What is the Playground?

The Playground in Ordemio Dashboard lets you test your AI agent before deploying it into live chat or your help desk.

It helps you:

  • See why the AI responds the way it does.

  • Check which chunks, documents, and data sources are being used (RAG made transparent).

  • Test workflows, actions, and user data safely without affecting the live agent.

💡 Best practice: Use the Playground to experiment and debug safely. Apply changes only when you’re confident, so your live agent always delivers reliable responses.


How it works

Go to your Ordemio Dashboard → Playground.

The interface has two columns:

  • Left panel → configuration tabs (Prompt, Actions, Workflows, User data).

  • Right panel → Thread where you can chat with your AI agent and see exactly how it responds.


Prompt tab

In the Prompt tab you can customize and test instructions for your AI agent:

  • Communication Tone & Style Guide

  • When to Escalate to Human Agent

  • Additional Guidance & Clarifications

At the bottom you’ll find the Temperature setting:

  • Reversed → The assistant only answers based on your training data.

  • Moderate → The assistant also uses some general AI knowledge.

  • Creative → The assistant answers broadly to almost any request.

💡 Changes made here only affect the Playground — they will not change your live agent until you click Apply settings at the bottom.


Actions tab

The Actions tab shows the list of available actions your AI can use.
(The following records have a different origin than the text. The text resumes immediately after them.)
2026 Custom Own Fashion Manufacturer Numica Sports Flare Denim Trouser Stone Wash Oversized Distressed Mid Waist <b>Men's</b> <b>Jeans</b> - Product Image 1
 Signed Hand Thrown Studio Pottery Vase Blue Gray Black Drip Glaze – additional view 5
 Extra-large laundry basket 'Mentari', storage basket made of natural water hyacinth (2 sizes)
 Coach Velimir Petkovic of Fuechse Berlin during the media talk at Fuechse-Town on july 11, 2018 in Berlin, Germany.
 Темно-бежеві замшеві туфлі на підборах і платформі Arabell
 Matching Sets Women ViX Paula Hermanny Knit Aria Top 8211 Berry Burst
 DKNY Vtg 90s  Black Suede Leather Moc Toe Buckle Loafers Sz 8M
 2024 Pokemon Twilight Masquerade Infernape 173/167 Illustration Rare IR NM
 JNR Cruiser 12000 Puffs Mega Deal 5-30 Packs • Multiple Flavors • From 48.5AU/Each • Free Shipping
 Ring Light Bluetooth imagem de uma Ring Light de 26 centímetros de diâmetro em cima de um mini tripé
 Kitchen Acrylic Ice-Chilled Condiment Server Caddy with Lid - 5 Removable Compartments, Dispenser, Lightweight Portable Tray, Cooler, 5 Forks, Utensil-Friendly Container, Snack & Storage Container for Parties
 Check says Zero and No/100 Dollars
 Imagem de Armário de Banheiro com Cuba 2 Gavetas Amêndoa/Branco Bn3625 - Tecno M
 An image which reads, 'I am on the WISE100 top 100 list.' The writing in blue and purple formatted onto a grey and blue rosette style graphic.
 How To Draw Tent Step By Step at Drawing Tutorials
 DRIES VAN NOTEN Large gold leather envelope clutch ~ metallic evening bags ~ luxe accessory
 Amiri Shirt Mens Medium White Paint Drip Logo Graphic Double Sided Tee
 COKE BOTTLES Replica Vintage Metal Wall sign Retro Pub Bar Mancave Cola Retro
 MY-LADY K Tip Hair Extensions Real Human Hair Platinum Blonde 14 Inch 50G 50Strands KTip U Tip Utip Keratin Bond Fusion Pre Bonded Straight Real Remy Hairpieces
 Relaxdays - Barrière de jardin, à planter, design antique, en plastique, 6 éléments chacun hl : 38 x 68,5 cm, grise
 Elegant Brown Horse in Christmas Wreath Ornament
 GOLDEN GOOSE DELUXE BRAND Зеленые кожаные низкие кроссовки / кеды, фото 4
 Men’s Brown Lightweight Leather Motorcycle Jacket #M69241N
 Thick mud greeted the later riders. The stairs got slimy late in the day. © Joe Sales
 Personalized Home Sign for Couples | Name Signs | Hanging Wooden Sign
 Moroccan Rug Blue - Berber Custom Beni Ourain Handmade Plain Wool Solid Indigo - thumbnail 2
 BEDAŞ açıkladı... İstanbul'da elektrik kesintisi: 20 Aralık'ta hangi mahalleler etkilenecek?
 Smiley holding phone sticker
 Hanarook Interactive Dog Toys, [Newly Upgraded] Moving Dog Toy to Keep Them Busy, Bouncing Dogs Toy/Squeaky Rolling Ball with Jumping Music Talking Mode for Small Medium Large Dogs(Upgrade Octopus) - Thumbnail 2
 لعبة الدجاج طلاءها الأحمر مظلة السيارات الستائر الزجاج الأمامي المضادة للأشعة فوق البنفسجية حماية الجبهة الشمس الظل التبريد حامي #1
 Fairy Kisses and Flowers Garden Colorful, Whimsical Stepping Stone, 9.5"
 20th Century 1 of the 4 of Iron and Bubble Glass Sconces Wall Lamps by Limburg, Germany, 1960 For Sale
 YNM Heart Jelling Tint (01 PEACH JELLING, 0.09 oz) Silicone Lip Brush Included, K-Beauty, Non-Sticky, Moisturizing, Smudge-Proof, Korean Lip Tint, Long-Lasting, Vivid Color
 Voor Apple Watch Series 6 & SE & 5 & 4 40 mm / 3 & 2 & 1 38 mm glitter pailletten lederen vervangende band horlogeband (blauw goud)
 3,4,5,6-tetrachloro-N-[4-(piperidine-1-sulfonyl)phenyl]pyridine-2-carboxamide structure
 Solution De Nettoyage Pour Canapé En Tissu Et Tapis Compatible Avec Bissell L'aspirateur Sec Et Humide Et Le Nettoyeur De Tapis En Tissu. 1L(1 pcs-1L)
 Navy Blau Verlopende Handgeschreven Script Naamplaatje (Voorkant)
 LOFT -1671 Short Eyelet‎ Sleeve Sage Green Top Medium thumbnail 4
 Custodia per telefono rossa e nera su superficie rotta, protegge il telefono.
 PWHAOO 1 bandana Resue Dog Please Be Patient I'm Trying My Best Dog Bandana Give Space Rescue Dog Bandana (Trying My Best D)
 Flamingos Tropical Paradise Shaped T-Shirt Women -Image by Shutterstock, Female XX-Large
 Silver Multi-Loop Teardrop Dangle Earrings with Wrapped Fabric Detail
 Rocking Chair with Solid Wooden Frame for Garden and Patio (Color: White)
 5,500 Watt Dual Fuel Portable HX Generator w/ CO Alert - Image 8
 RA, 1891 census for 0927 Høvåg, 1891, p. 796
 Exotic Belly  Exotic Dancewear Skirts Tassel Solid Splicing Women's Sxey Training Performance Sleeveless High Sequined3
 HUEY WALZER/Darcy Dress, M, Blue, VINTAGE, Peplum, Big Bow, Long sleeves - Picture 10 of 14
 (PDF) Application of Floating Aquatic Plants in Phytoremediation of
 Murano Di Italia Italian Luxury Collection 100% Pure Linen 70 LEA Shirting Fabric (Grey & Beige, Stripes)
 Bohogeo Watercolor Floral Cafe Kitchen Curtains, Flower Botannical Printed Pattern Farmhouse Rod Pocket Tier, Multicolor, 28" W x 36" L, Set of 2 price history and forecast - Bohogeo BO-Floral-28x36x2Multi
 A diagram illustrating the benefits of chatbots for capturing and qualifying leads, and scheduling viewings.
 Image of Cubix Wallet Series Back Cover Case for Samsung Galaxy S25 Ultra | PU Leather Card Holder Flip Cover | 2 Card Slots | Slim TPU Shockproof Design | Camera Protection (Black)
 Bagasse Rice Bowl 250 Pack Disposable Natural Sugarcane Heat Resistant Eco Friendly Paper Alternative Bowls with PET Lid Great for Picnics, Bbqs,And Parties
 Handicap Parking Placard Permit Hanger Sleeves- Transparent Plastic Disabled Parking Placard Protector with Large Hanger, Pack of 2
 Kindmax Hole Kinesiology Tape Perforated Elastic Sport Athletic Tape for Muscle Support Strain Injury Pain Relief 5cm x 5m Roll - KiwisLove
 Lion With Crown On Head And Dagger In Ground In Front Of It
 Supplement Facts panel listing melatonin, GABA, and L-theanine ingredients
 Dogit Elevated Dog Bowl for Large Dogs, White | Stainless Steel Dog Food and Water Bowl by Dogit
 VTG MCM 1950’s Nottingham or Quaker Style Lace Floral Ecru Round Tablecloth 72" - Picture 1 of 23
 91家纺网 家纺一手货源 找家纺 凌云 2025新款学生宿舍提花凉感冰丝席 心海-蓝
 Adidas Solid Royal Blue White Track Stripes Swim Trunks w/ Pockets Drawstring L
Each action has a name and a Description (or Trigger) to indicate when the agent should use it.

💡 If the AI doesn’t call an action when expected, you can edit its description to improve future behavior. You can also enable or disable actions with a toggle to see how it affects the agent’s behavior in a specific case.


Workflows tab

The Workflows tab defines structured instructions — similar to playbooks for human agents. Each workflow includes a name, a purpose, and triggers (when it should run).

💡 Use workflows to handle recurring cases (e.g., troubleshooting steps). You can enable or disable them with a toggle.


User data tab

Here you can simulate conversations with real user data in valid JSON format. Examples include:

  • User name, email, plan type

  • Number of seats purchased

  • Country or billing period

⚠️ Note: The JSON must be valid for the AI to process it correctly.

This data can come from third-party integrations such as Zendesk, Intercom, or your CRM, helping you emulate real customer conversations more accurately.


Understanding AI responses in the Playground

When you ask a question in the Playground thread, the AI agent may respond in two ways:

Case 1: Retrieve knowledge chunks (RAG)

The agent can call a tool like searchData to look up information in your Knowledge Base.

  • The tool that was called is shown in the Playground (e.g. searchData).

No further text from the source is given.